## Proposed models for the matching problem: one or two vessels?

**Global Fishing Watch** has obtained tracking data of fishing vessels from 1) Automatic Identification System (AIS) devices and 2) Vessel Monitoring Systems (VMS) that are regulated by national goverment authorities. The overall goal is to use these positional data to predict fishing activites in the world's oceans.

*Automatic Identification System (AIS)*: AIS trackers broadcast vessel identificaiton information and location. The speed and direction of the vessel can also be calculated from AIS data at various timepoints.

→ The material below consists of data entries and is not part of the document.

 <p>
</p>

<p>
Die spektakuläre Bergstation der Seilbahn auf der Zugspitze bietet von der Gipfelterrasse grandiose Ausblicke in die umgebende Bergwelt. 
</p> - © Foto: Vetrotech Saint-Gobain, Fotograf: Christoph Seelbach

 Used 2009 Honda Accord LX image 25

GFW has built models to predict fishing activity of vessels based on AIS tracking data. A major drawback of using AIS data to model fishing activity is that only a small fraction of fishing vessels are equiped with AIS devices. More so, many of these vessels lacking AIS trackers may be engaging in illeagal fishing activities.  

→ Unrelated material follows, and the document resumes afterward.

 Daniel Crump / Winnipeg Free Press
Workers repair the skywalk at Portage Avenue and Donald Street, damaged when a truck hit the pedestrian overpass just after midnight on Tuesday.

*Vessel Monitoring Systems (VMS)*: VMS are established by national government authorties to monitor vessel movements with GPS. Vessels broadcast their positions to satellites and this information is captured by the authorities. VMS data is typically not made available to the public. Through collaborations with national governments like Indonesia, Panama, Peru, and Chile, GFW has been able to obtain VMS data. 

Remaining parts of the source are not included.